═════ Dataset records
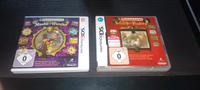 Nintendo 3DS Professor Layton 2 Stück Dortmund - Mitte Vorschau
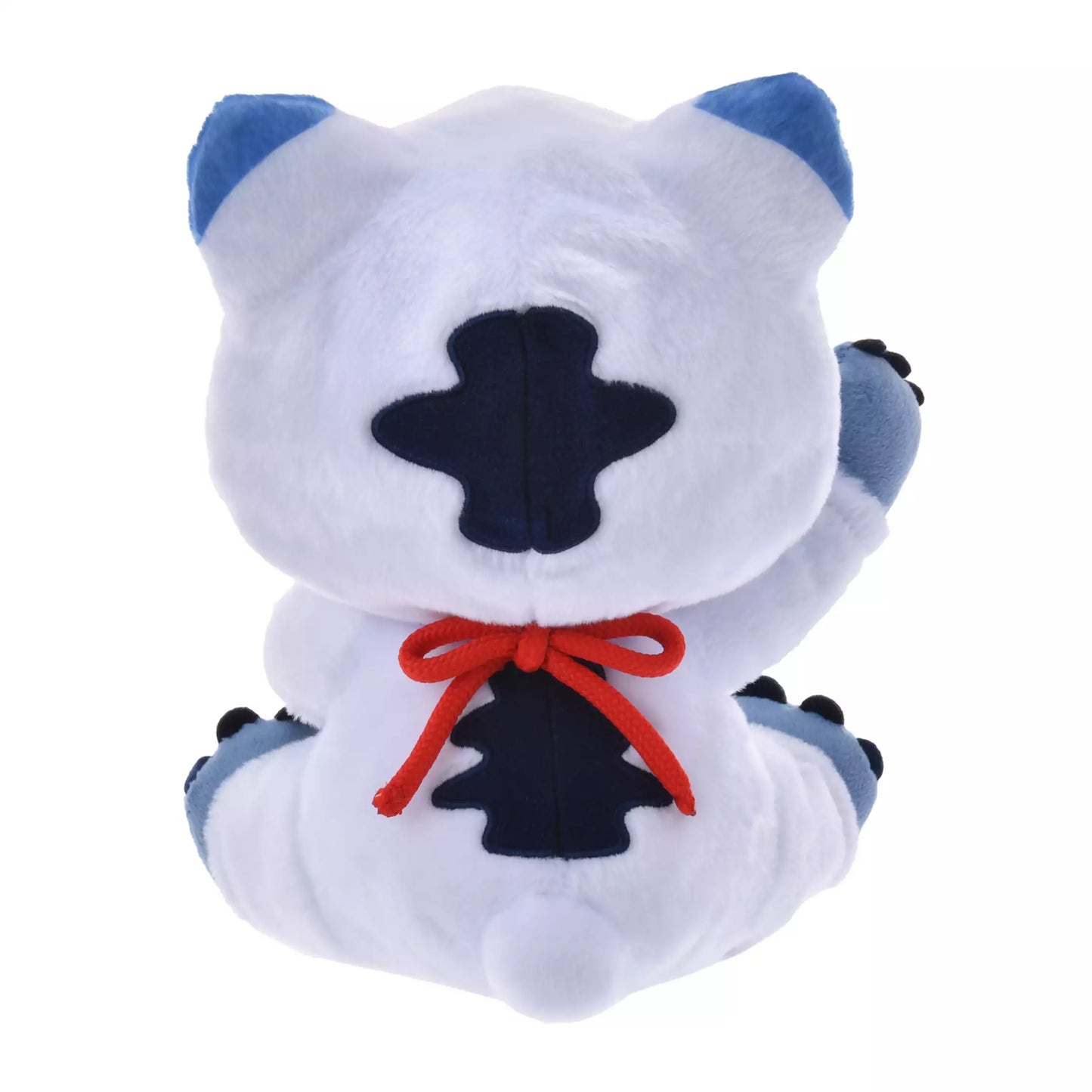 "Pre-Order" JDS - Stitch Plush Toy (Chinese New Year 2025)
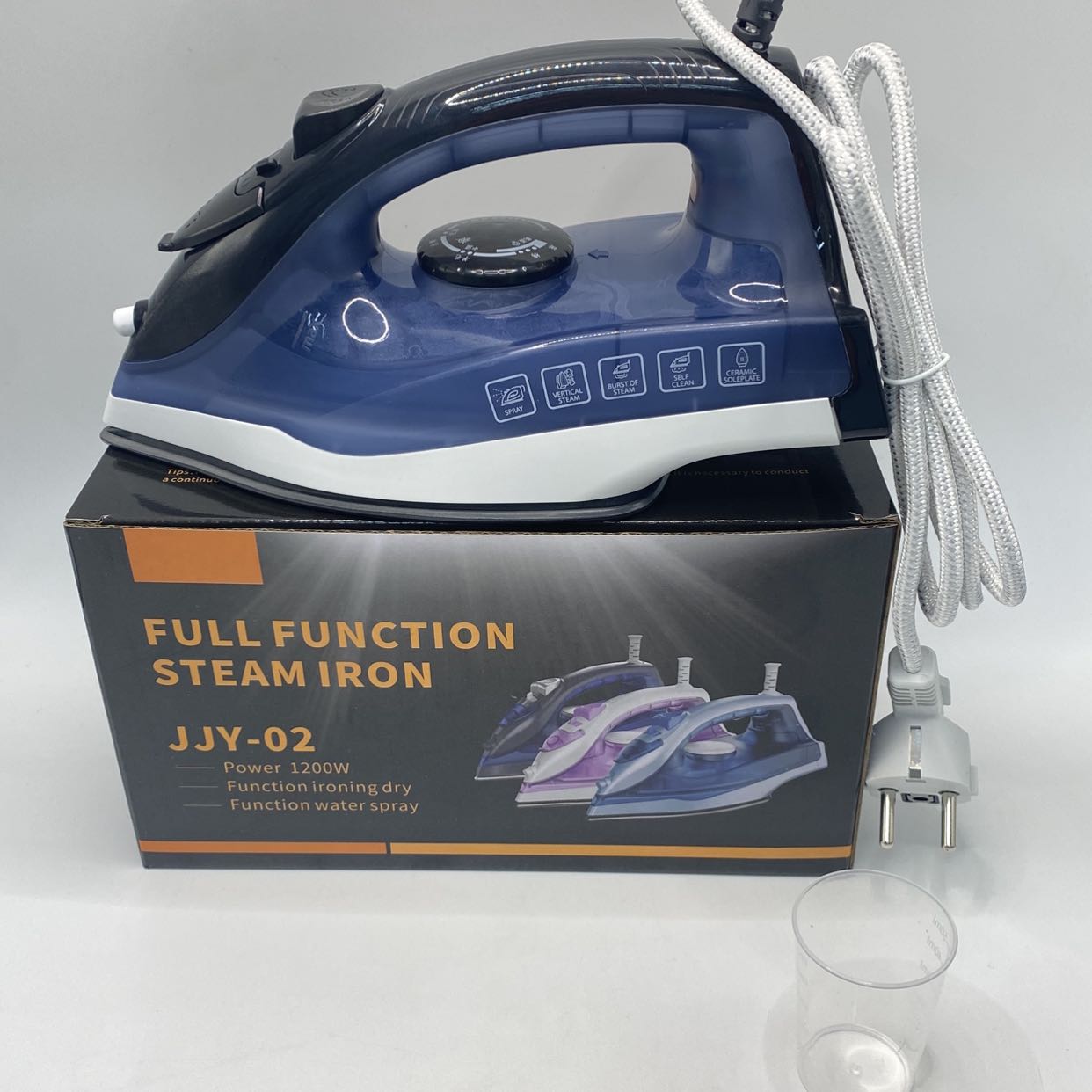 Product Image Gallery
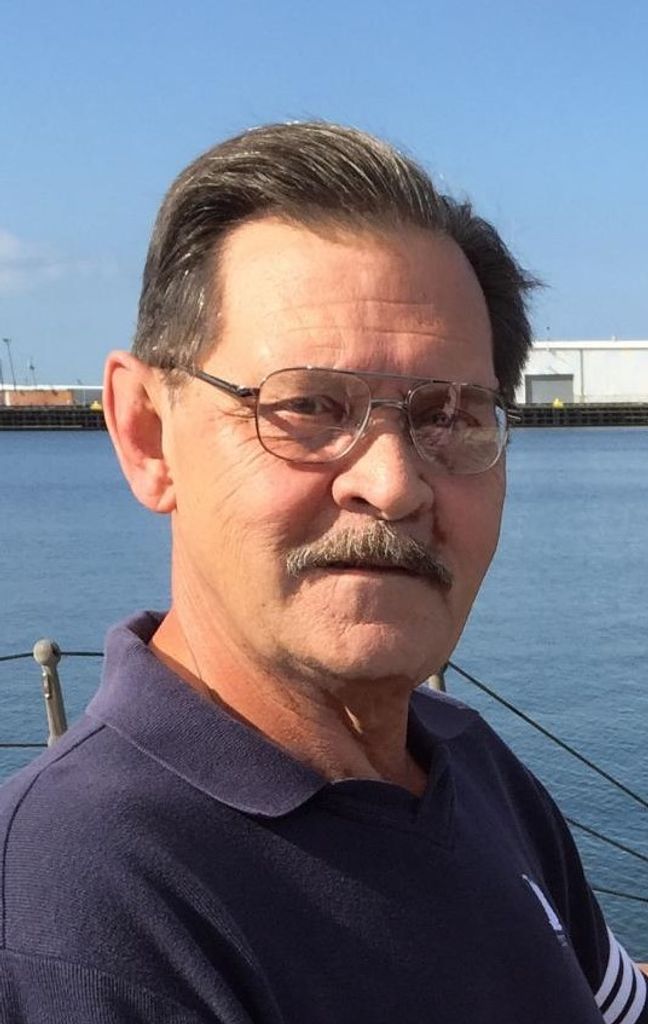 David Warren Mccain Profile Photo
══════════
═════ Dataset records
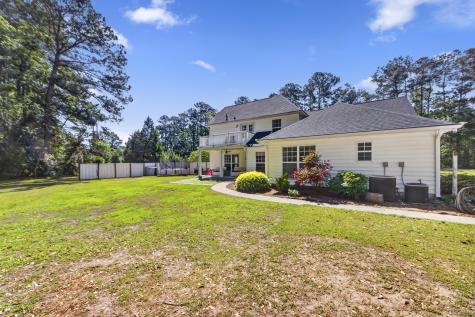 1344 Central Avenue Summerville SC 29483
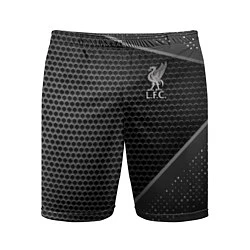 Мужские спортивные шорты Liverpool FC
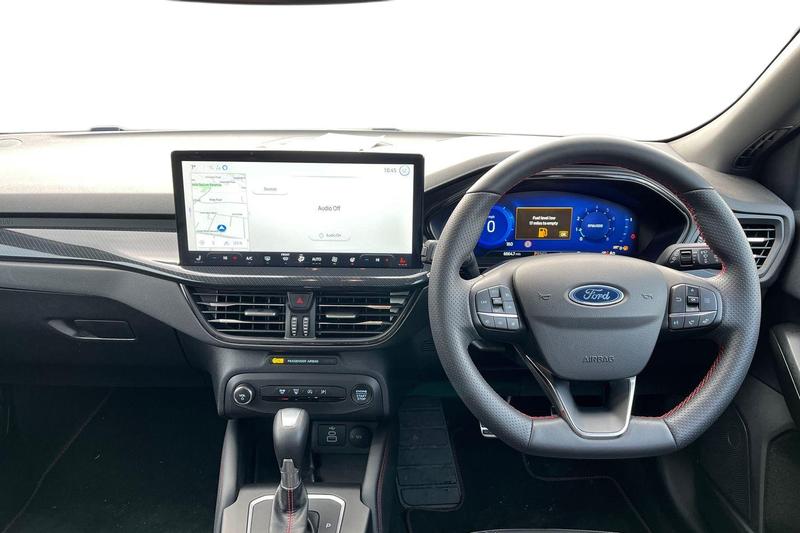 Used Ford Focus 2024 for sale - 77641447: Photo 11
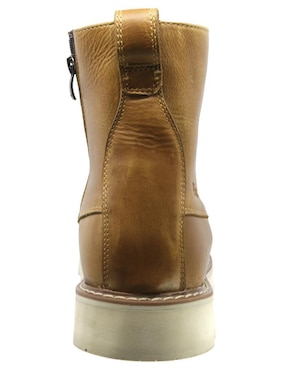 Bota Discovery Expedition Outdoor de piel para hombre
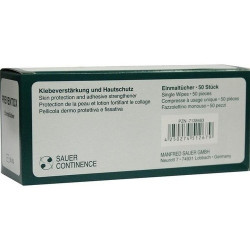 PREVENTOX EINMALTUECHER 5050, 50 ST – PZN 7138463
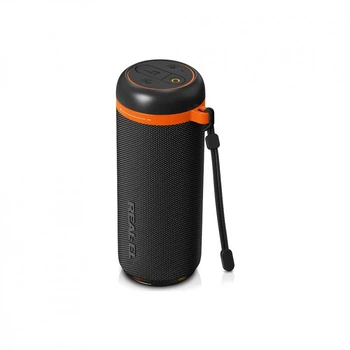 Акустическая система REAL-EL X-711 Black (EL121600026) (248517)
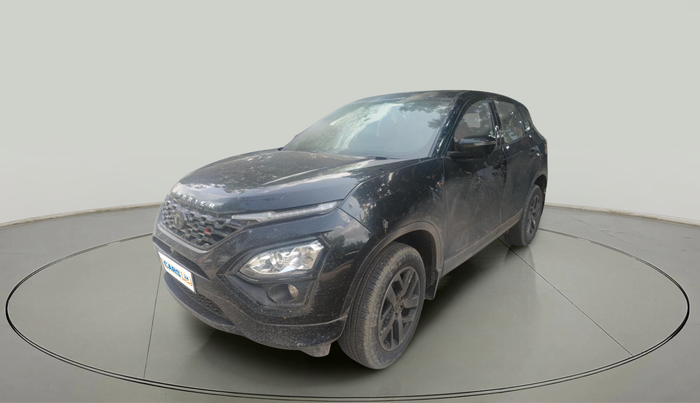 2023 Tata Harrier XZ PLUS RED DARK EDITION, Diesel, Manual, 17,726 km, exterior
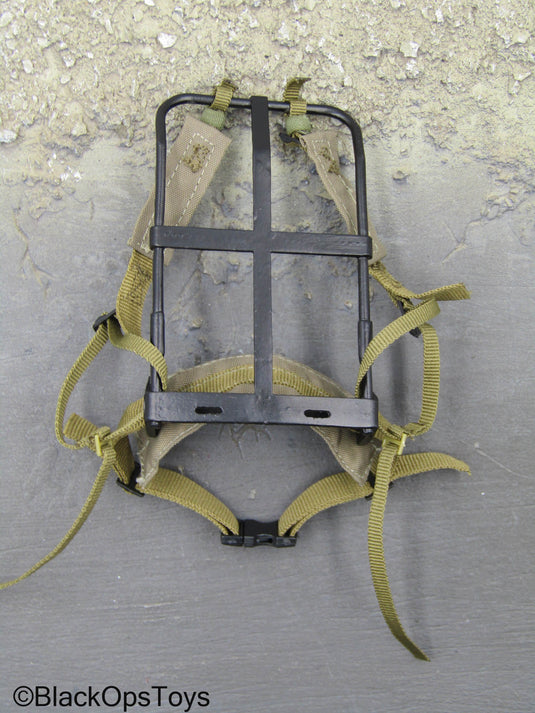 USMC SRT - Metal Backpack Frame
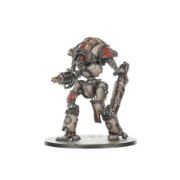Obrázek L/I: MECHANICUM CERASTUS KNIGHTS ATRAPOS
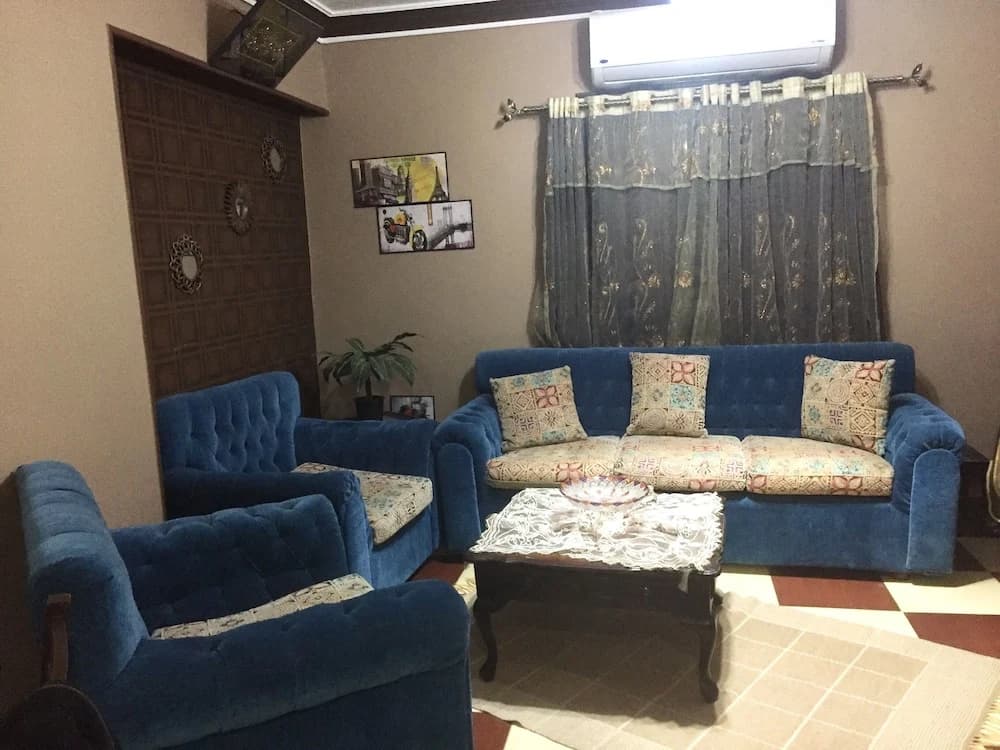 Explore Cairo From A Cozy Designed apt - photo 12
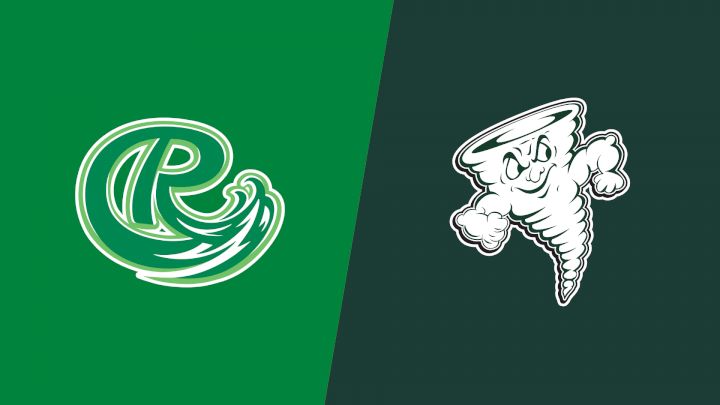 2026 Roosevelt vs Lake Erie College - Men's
══════════
**Required action:**
Word for word, restate the lines above from the one with "PREVENTOX EINMALTUECHER 5050, 50" through the one with "2026 Roosevelt vs Lake Erie College - Men's", keeping both ends and dropping the pictures.

**Output for this exercise:**
 PREVENTOX EINMALTUECHER 5050, 50 ST – PZN 7138463
 Акустическая система REAL-EL X-711 Black (EL121600026) (248517)
 2023 Tata Harrier XZ PLUS RED DARK EDITION, Diesel, Manual, 17,726 km, exterior
 USMC SRT - Metal Backpack Frame
Obrázek L/I: MECHANICUM CERASTUS KNIGHTS ATRAPOS
 Explore Cairo From A Cozy Designed apt - photo 12
 2026 Roosevelt vs Lake Erie College - Men's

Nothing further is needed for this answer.